Data entries:

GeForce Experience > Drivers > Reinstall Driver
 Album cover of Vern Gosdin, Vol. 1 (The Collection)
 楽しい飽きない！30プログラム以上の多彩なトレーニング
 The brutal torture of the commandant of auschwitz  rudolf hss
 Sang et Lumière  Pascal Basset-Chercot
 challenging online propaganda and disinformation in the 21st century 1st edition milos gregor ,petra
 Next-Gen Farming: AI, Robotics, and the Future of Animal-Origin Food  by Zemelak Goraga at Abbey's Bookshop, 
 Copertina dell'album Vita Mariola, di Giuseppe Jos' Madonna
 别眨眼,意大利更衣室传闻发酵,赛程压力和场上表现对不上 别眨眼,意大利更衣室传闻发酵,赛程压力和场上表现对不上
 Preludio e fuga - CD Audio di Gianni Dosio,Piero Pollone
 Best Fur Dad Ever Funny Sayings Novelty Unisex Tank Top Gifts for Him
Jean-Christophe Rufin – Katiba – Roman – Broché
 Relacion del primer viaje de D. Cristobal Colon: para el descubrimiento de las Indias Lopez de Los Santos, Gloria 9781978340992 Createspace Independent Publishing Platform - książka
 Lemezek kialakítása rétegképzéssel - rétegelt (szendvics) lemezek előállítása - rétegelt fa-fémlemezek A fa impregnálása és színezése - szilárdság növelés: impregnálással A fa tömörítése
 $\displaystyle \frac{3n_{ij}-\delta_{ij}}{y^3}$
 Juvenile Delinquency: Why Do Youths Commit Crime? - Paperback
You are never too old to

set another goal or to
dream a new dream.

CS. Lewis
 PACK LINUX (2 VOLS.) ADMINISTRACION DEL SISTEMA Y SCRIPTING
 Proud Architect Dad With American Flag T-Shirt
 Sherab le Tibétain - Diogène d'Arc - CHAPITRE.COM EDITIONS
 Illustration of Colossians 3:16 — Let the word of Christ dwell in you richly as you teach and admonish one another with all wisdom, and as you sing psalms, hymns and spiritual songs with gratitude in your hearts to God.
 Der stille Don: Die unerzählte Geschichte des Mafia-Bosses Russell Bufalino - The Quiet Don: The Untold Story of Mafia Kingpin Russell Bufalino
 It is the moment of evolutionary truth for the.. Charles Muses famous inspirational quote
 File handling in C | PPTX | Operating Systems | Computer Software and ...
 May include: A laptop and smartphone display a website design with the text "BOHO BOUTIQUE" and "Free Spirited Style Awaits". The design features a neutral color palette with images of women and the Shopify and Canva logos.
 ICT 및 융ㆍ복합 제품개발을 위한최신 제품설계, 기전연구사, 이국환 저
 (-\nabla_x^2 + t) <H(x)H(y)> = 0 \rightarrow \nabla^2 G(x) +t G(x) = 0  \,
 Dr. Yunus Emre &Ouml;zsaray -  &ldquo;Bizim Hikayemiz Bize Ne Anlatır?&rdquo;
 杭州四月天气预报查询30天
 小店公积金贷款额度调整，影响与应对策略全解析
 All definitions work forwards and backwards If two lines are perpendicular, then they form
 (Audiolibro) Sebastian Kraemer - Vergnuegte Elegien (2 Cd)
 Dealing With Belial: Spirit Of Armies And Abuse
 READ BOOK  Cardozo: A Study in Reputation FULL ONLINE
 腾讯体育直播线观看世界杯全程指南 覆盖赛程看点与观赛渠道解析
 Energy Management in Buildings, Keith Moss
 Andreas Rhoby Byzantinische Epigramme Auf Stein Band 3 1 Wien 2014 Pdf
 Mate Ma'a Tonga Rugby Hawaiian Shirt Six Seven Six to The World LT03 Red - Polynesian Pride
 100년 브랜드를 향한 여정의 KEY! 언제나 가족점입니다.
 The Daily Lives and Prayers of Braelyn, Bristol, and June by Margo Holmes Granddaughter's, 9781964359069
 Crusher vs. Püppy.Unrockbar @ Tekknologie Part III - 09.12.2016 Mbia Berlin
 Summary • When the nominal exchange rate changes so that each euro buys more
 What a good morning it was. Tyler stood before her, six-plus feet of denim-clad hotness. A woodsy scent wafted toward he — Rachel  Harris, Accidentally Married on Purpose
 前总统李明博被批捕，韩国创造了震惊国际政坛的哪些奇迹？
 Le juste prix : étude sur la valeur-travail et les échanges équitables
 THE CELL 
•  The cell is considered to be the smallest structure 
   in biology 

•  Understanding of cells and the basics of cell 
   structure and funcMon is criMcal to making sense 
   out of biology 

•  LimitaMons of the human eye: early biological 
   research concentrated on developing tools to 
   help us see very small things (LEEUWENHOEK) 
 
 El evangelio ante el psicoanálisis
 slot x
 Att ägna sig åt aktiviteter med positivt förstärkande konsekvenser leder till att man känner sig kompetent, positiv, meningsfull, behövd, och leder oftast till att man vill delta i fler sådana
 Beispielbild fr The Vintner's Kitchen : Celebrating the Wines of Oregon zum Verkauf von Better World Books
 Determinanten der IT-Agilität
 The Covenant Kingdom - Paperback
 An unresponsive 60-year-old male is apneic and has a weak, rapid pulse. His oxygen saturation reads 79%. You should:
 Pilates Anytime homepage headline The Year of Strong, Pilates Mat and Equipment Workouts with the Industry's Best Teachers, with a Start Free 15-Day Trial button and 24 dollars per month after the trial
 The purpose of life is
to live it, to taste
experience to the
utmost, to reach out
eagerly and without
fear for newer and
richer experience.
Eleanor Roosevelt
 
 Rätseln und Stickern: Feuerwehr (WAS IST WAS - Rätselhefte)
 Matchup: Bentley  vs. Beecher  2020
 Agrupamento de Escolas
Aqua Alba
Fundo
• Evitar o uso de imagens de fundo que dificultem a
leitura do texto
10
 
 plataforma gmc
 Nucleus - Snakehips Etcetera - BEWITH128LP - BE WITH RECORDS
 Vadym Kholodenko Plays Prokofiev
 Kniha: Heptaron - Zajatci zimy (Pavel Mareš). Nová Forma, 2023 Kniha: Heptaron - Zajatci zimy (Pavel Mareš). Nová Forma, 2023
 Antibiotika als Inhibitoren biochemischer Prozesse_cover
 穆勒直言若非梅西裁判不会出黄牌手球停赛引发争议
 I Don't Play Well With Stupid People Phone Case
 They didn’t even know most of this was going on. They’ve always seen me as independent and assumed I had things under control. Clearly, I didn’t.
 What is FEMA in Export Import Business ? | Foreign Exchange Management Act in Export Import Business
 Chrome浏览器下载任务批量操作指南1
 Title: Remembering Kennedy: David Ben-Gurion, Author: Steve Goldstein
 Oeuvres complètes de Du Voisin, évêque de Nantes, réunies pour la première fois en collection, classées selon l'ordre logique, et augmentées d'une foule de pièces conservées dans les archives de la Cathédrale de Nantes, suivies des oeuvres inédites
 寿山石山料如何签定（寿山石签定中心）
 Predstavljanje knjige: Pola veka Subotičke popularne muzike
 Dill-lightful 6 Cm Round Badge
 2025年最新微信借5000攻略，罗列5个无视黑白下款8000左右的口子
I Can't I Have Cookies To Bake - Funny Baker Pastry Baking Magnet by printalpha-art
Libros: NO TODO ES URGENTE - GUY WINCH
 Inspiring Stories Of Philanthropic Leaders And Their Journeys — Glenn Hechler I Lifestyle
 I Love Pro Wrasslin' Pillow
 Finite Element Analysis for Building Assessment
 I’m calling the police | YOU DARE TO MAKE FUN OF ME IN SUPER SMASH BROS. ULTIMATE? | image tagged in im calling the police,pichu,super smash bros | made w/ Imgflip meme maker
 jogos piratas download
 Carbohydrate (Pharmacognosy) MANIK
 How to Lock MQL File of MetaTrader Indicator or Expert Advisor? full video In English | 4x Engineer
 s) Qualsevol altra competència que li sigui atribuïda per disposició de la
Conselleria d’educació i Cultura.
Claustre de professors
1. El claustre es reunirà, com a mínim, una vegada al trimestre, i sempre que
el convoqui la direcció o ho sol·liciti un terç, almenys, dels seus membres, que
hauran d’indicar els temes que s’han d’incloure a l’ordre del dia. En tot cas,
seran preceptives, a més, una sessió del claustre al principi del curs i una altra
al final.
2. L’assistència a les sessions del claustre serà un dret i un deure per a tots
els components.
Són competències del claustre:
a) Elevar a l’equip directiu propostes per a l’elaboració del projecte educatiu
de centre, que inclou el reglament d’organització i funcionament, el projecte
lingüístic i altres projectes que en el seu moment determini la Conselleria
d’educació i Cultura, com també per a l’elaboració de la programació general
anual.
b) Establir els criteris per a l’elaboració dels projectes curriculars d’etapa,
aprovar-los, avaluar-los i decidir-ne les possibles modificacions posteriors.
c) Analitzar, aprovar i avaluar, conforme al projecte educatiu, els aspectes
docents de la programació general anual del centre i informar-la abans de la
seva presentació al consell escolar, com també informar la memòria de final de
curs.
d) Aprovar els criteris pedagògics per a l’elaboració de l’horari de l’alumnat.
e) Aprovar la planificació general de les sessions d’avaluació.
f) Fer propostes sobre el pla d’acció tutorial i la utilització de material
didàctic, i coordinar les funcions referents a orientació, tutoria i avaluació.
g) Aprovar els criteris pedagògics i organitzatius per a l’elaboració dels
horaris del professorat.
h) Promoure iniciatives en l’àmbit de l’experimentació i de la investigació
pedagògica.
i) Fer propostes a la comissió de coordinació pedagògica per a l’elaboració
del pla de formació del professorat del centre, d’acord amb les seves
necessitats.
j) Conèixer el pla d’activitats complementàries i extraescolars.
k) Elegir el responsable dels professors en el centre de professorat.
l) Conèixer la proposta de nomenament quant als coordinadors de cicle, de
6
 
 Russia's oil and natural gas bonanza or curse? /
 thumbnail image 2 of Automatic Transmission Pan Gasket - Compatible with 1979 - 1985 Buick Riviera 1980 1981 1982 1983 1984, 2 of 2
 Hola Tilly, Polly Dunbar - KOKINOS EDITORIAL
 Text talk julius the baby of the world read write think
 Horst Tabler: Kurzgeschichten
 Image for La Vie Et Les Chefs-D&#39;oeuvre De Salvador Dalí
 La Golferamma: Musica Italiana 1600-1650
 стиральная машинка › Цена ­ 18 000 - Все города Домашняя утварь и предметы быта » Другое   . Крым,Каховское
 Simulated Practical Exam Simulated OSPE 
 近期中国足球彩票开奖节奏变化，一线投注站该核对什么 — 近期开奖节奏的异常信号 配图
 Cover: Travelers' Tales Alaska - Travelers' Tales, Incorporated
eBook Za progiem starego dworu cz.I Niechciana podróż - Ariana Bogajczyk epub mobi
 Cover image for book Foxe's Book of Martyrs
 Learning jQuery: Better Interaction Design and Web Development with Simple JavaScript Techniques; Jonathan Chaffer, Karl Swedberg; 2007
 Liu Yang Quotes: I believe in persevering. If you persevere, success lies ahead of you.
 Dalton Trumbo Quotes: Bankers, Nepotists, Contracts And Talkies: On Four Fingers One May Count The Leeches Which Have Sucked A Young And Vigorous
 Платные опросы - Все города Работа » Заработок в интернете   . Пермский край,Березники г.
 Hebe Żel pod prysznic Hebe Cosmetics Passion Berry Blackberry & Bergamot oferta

--- What the exercise asks ---
Look above for the line holding "How to Lock" and the line holding "f) Fer propostes". Retype both, and every line between them, word for word and nothing else.

--- Result ---
 How to Lock MQL File of MetaTrader Indicator or Expert Advisor? full video In English | 4x Engineer
 s) Qualsevol altra competència que li sigui atribuïda per disposició de la
Conselleria d’educació i Cultura.
Claustre de professors
1. El claustre es reunirà, com a mínim, una vegada al trimestre, i sempre que
el convoqui la direcció o ho sol·liciti un terç, almenys, dels seus membres, que
hauran d’indicar els temes que s’han d’incloure a l’ordre del dia. En tot cas,
seran preceptives, a més, una sessió del claustre al principi del curs i una altra
al final.
2. L’assistència a les sessions del claustre serà un dret i un deure per a tots
els components.
Són competències del claustre:
a) Elevar a l’equip directiu propostes per a l’elaboració del projecte educatiu
de centre, que inclou el reglament d’organització i funcionament, el projecte
lingüístic i altres projectes que en el seu moment determini la Conselleria
d’educació i Cultura, com també per a l’elaboració de la programació general
anual.
b) Establir els criteris per a l’elaboració dels projectes curriculars d’etapa,
aprovar-los, avaluar-los i decidir-ne les possibles modificacions posteriors.
c) Analitzar, aprovar i avaluar, conforme al projecte educatiu, els aspectes
docents de la programació general anual del centre i informar-la abans de la
seva presentació al consell escolar, com també informar la memòria de final de
curs.
d) Aprovar els criteris pedagògics per a l’elaboració de l’horari de l’alumnat.
e) Aprovar la planificació general de les sessions d’avaluació.
f) Fer propostes sobre el pla d’acció tutorial i la utilització de material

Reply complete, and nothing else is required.